ASSIGNED TASK
Every line of the material must be written out again unchanged.

DATA TO USE

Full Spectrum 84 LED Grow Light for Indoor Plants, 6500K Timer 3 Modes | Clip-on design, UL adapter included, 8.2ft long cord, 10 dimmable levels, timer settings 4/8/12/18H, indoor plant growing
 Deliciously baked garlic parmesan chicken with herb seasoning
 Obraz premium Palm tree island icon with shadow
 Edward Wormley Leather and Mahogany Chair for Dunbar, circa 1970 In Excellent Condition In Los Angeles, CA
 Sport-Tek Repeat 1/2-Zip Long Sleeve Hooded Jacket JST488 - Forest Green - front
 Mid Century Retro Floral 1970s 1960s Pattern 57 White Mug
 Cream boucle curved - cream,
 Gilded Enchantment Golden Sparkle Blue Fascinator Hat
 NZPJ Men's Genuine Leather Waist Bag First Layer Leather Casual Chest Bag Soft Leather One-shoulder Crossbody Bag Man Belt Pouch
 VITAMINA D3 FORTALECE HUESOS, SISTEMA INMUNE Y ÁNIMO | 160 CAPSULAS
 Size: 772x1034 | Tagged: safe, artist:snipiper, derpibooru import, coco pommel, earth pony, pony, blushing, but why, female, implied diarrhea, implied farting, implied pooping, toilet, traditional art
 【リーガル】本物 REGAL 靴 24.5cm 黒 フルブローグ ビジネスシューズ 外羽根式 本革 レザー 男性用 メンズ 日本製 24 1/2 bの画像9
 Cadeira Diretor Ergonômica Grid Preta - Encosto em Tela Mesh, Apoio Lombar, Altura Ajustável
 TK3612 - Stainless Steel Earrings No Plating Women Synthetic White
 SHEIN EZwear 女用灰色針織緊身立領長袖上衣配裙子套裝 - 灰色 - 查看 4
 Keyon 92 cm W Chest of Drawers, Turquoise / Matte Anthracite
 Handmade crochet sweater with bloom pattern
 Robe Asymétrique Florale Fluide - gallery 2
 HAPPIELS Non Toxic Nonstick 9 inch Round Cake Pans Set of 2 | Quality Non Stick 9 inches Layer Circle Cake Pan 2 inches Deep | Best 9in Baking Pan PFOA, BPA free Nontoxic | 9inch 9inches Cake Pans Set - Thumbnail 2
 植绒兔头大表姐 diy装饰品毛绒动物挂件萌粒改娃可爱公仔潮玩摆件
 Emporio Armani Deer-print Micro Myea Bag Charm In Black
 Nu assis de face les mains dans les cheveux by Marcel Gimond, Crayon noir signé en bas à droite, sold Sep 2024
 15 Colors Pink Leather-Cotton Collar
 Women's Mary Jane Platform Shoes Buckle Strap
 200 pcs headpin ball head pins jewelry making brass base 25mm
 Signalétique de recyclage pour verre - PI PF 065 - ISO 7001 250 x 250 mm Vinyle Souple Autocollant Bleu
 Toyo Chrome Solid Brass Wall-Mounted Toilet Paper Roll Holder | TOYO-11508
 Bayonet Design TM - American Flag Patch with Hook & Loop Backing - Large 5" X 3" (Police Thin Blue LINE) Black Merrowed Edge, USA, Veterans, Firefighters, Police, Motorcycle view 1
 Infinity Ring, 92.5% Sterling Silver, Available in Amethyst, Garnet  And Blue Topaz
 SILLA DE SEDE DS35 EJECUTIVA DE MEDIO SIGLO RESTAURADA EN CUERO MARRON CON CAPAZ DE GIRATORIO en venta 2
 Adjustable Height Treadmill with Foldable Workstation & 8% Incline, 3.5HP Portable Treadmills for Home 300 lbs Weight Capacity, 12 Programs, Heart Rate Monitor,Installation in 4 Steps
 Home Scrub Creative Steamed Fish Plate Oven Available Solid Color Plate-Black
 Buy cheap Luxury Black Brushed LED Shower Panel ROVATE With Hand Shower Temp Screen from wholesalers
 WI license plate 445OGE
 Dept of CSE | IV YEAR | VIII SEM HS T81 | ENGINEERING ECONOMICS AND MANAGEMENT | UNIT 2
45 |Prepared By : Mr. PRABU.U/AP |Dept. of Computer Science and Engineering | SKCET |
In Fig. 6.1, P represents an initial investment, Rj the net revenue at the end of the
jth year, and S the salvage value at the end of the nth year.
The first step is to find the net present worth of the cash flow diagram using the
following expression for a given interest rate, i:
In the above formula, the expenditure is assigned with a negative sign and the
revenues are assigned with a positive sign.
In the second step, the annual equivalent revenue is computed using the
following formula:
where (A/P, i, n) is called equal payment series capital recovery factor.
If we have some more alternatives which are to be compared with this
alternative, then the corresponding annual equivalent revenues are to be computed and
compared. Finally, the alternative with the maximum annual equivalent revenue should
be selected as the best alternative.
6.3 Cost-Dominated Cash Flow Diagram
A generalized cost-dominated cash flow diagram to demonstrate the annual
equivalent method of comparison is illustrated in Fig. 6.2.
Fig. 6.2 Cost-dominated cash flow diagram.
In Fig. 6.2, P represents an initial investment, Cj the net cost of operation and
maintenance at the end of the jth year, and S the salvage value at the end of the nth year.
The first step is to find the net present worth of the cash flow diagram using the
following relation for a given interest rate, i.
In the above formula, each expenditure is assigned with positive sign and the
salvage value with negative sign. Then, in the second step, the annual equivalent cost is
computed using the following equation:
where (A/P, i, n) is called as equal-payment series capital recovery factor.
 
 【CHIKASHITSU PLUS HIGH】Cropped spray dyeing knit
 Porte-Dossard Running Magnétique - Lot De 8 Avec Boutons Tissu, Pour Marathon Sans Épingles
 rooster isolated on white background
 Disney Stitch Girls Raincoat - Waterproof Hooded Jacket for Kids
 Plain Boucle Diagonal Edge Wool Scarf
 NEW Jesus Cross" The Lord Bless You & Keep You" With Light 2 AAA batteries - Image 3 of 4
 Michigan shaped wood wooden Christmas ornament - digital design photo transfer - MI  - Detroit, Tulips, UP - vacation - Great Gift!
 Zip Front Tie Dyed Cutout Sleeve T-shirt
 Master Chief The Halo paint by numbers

WRITTEN ANSWER
Full Spectrum 84 LED Grow Light for Indoor Plants, 6500K Timer 3 Modes | Clip-on design, UL adapter included, 8.2ft long cord, 10 dimmable levels, timer settings 4/8/12/18H, indoor plant growing
 Deliciously baked garlic parmesan chicken with herb seasoning
 Obraz premium Palm tree island icon with shadow
 Edward Wormley Leather and Mahogany Chair for Dunbar, circa 1970 In Excellent Condition In Los Angeles, CA
 Sport-Tek Repeat 1/2-Zip Long Sleeve Hooded Jacket JST488 - Forest Green - front
 Mid Century Retro Floral 1970s 1960s Pattern 57 White Mug
 Cream boucle curved - cream,
 Gilded Enchantment Golden Sparkle Blue Fascinator Hat
 NZPJ Men's Genuine Leather Waist Bag First Layer Leather Casual Chest Bag Soft Leather One-shoulder Crossbody Bag Man Belt Pouch
 VITAMINA D3 FORTALECE HUESOS, SISTEMA INMUNE Y ÁNIMO | 160 CAPSULAS
 Size: 772x1034 | Tagged: safe, artist:snipiper, derpibooru import, coco pommel, earth pony, pony, blushing, but why, female, implied diarrhea, implied farting, implied pooping, toilet, traditional art
 【リーガル】本物 REGAL 靴 24.5cm 黒 フルブローグ ビジネスシューズ 外羽根式 本革 レザー 男性用 メンズ 日本製 24 1/2 bの画像9
 Cadeira Diretor Ergonômica Grid Preta - Encosto em Tela Mesh, Apoio Lombar, Altura Ajustável
 TK3612 - Stainless Steel Earrings No Plating Women Synthetic White
 SHEIN EZwear 女用灰色針織緊身立領長袖上衣配裙子套裝 - 灰色 - 查看 4
 Keyon 92 cm W Chest of Drawers, Turquoise / Matte Anthracite
 Handmade crochet sweater with bloom pattern
 Robe Asymétrique Florale Fluide - gallery 2
 HAPPIELS Non Toxic Nonstick 9 inch Round Cake Pans Set of 2 | Quality Non Stick 9 inches Layer Circle Cake Pan 2 inches Deep | Best 9in Baking Pan PFOA, BPA free Nontoxic | 9inch 9inches Cake Pans Set - Thumbnail 2
 植绒兔头大表姐 diy装饰品毛绒动物挂件萌粒改娃可爱公仔潮玩摆件
 Emporio Armani Deer-print Micro Myea Bag Charm In Black
 Nu assis de face les mains dans les cheveux by Marcel Gimond, Crayon noir signé en bas à droite, sold Sep 2024
 15 Colors Pink Leather-Cotton Collar
 Women's Mary Jane Platform Shoes Buckle Strap
 200 pcs headpin ball head pins jewelry making brass base 25mm
 Signalétique de recyclage pour verre - PI PF 065 - ISO 7001 250 x 250 mm Vinyle Souple Autocollant Bleu
 Toyo Chrome Solid Brass Wall-Mounted Toilet Paper Roll Holder | TOYO-11508
 Bayonet Design TM - American Flag Patch with Hook & Loop Backing - Large 5" X 3" (Police Thin Blue LINE) Black Merrowed Edge, USA, Veterans, Firefighters, Police, Motorcycle view 1
 Infinity Ring, 92.5% Sterling Silver, Available in Amethyst, Garnet  And Blue Topaz
 SILLA DE SEDE DS35 EJECUTIVA DE MEDIO SIGLO RESTAURADA EN CUERO MARRON CON CAPAZ DE GIRATORIO en venta 2
 Adjustable Height Treadmill with Foldable Workstation & 8% Incline, 3.5HP Portable Treadmills for Home 300 lbs Weight Capacity, 12 Programs, Heart Rate Monitor,Installation in 4 Steps
 Home Scrub Creative Steamed Fish Plate Oven Available Solid Color Plate-Black
 Buy cheap Luxury Black Brushed LED Shower Panel ROVATE With Hand Shower Temp Screen from wholesalers
 WI license plate 445OGE
 Dept of CSE | IV YEAR | VIII SEM HS T81 | ENGINEERING ECONOMICS AND MANAGEMENT | UNIT 2
45 |Prepared By : Mr. PRABU.U/AP |Dept. of Computer Science and Engineering | SKCET |
In Fig. 6.1, P represents an initial investment, Rj the net revenue at the end of the
jth year, and S the salvage value at the end of the nth year.
The first step is to find the net present worth of the cash flow diagram using the
following expression for a given interest rate, i:
In the above formula, the expenditure is assigned with a negative sign and the
revenues are assigned with a positive sign.
In the second step, the annual equivalent revenue is computed using the
following formula:
where (A/P, i, n) is called equal payment series capital recovery factor.
If we have some more alternatives which are to be compared with this
alternative, then the corresponding annual equivalent revenues are to be computed and
compared. Finally, the alternative with the maximum annual equivalent revenue should
be selected as the best alternative.
6.3 Cost-Dominated Cash Flow Diagram
A generalized cost-dominated cash flow diagram to demonstrate the annual
equivalent method of comparison is illustrated in Fig. 6.2.
Fig. 6.2 Cost-dominated cash flow diagram.
In Fig. 6.2, P represents an initial investment, Cj the net cost of operation and
maintenance at the end of the jth year, and S the salvage value at the end of the nth year.
The first step is to find the net present worth of the cash flow diagram using the
following relation for a given interest rate, i.
In the above formula, each expenditure is assigned with positive sign and the
salvage value with negative sign. Then, in the second step, the annual equivalent cost is
computed using the following equation:
where (A/P, i, n) is called as equal-payment series capital recovery factor.
 
 【CHIKASHITSU PLUS HIGH】Cropped spray dyeing knit
 Porte-Dossard Running Magnétique - Lot De 8 Avec Boutons Tissu, Pour Marathon Sans Épingles
 rooster isolated on white background
 Disney Stitch Girls Raincoat - Waterproof Hooded Jacket for Kids
 Plain Boucle Diagonal Edge Wool Scarf
 NEW Jesus Cross" The Lord Bless You & Keep You" With Light 2 AAA batteries - Image 3 of 4
 Michigan shaped wood wooden Christmas ornament - digital design photo transfer - MI  - Detroit, Tulips, UP - vacation - Great Gift!
 Zip Front Tie Dyed Cutout Sleeve T-shirt
 Master Chief The Halo paint by numbers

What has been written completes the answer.